SUPPLIED DATA section start

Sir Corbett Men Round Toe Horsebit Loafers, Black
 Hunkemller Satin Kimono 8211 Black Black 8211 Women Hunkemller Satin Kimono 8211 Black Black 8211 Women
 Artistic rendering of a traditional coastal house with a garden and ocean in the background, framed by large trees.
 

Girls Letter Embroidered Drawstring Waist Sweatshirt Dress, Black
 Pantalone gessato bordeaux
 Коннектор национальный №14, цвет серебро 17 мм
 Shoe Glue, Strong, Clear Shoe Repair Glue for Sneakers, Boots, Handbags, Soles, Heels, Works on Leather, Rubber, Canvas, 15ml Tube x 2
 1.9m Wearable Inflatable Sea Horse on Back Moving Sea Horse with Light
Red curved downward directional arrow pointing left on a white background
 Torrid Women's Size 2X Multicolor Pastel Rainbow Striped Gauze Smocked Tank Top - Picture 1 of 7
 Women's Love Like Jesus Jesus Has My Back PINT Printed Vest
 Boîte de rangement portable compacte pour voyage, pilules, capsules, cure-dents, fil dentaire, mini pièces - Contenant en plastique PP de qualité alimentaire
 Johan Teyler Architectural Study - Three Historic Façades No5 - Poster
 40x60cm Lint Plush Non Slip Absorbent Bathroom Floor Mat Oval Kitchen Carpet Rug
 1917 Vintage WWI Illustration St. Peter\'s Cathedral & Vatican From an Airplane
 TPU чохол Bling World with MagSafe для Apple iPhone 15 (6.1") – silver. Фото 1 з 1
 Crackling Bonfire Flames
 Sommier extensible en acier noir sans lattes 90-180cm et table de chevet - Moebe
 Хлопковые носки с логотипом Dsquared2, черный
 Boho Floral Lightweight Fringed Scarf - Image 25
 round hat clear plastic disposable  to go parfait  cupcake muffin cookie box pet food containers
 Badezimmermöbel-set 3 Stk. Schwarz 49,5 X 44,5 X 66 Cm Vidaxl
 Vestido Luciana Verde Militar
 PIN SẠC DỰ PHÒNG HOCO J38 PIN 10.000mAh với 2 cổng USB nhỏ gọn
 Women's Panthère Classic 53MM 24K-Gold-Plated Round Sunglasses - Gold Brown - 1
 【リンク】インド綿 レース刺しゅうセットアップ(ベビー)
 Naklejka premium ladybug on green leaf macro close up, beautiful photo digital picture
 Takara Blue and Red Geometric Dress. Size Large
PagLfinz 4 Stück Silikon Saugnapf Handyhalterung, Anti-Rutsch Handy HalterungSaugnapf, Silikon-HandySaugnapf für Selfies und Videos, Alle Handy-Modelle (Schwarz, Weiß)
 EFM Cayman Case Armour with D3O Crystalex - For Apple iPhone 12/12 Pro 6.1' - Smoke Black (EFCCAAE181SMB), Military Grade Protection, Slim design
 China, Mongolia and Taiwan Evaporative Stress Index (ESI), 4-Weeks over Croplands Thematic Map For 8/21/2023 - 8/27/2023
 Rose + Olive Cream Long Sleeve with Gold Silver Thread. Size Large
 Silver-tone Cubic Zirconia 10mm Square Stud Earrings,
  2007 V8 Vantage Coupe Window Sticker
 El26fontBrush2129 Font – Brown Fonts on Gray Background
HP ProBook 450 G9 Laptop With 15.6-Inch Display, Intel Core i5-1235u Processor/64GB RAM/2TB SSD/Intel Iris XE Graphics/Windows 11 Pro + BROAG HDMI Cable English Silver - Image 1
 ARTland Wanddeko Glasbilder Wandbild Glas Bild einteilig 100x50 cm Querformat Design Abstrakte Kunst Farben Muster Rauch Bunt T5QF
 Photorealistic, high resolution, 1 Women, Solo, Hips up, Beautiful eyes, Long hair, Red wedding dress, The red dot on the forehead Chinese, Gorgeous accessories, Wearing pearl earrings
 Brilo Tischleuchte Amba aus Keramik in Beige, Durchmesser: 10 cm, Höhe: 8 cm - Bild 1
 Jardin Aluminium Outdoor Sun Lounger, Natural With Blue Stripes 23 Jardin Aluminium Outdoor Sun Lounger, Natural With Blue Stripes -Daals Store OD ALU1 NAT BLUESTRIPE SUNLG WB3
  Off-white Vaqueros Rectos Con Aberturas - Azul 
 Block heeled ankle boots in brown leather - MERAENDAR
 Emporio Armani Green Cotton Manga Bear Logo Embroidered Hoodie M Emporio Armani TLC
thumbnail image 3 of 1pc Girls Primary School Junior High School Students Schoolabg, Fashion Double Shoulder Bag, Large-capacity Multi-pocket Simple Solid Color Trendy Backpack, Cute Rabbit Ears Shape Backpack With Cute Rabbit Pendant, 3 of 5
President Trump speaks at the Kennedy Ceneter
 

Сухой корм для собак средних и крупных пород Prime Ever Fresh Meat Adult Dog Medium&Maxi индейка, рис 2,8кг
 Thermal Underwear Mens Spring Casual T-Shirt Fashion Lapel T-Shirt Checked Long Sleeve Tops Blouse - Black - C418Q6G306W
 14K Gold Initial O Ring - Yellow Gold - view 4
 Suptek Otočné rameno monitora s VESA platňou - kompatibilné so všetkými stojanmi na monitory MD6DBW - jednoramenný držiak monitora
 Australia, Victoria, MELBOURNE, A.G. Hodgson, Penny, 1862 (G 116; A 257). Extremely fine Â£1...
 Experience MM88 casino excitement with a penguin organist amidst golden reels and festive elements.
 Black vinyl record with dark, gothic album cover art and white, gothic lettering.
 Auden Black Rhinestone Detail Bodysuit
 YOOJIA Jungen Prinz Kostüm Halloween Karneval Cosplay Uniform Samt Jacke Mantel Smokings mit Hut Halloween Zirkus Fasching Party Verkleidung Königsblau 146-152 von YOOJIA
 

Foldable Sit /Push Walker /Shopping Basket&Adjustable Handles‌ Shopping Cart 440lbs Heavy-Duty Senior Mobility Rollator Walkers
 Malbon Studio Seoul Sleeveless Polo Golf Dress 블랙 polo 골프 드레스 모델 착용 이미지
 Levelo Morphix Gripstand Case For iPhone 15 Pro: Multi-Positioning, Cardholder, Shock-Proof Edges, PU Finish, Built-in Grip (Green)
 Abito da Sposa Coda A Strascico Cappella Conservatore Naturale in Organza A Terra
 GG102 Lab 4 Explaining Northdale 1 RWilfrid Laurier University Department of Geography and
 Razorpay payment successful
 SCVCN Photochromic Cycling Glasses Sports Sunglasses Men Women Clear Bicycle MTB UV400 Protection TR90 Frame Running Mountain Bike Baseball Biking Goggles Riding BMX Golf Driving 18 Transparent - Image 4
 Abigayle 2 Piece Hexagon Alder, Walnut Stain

SUPPLIED DATA section end

[YOUR OBJECTIVE]:
Looking at the entries above, can you reproduce exactly the lines from the one that holds "BLUESTRIPE SUNLG WB3" through the one that holds "Block heeled ankle", and only those?

[EXERCISE RESPONSE]:
 Jardin Aluminium Outdoor Sun Lounger, Natural With Blue Stripes 23 Jardin Aluminium Outdoor Sun Lounger, Natural With Blue Stripes -Daals Store OD ALU1 NAT BLUESTRIPE SUNLG WB3
  Off-white Vaqueros Rectos Con Aberturas - Azul 
 Block heeled ankle boots in brown leather - MERAENDAR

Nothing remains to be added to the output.